As a GM, I personally don't care what kinda rules lawyery nonsense a player tries to cook up here. You want to patch up your buddy, you need two hands and a kit.

You can access it a bit easier by putting it in a bandolier. But thats about it.

Common sense, folks.

The Rules as Written (aka Rules Lawyery Nonsense to all surprised/bushwacked DMs).

If you play in Pathfinder Society, (I'm not saying you have to or are, just that its the place where the Rules take precedent) thats how it works.

As a player, my base expectation is that the game follows the rules. If the DM wants to change that, then obviously I need to evaluate the situation at the table.


Everything Ive read from Paizo on this is they view folks using RAW against GMs as a thing they actively wanted to avoid in this edition. Ultimately, the GM has the final say and he shouldnt have to read 5 billion of pages of ever shifting rules in advance to lay out every bit of nonsense he disagrees with prior to play.

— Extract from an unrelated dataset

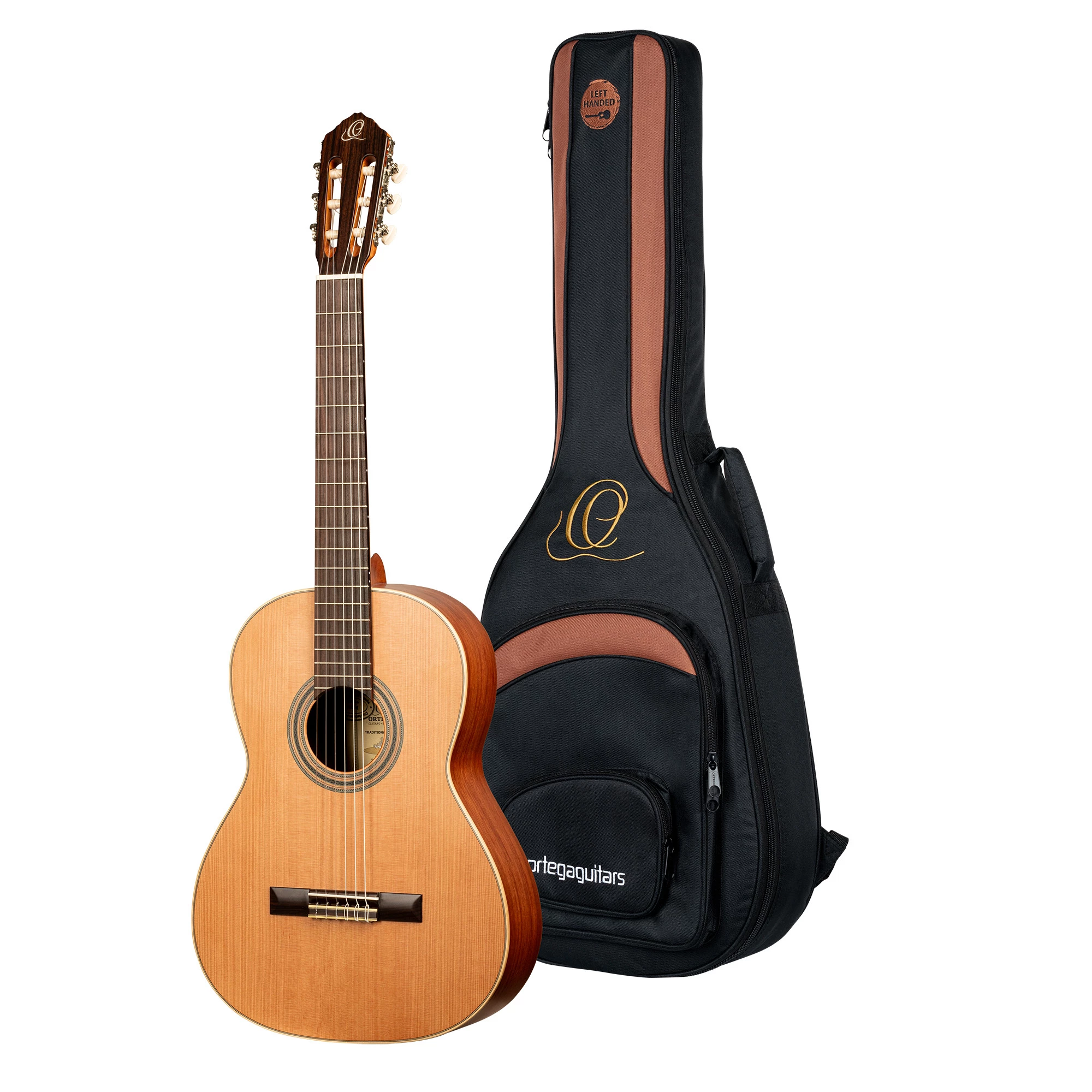 גיטרה קלאסית שמאלית 4/4 Ortega Traditional Series R18S-L 16 גיטרה קלאסית שמאלית 4/4 Ortega Traditional Series R18S-L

All I know, is I tell all my players that I play with Fictional Positioning at my table. The rules lay out a broad guideline of the possible but ultimately, the reality of the moment wins out. I think this is one of those moments where it rests on plain common sense.

Trying to bandage a party member that is bleeding out while trying to hold on to your greatsword is just plain dumb.

As to PFS, honestly, I think that expecting any GM, even a PFS one, to be little more than a rules conveyor is just crap.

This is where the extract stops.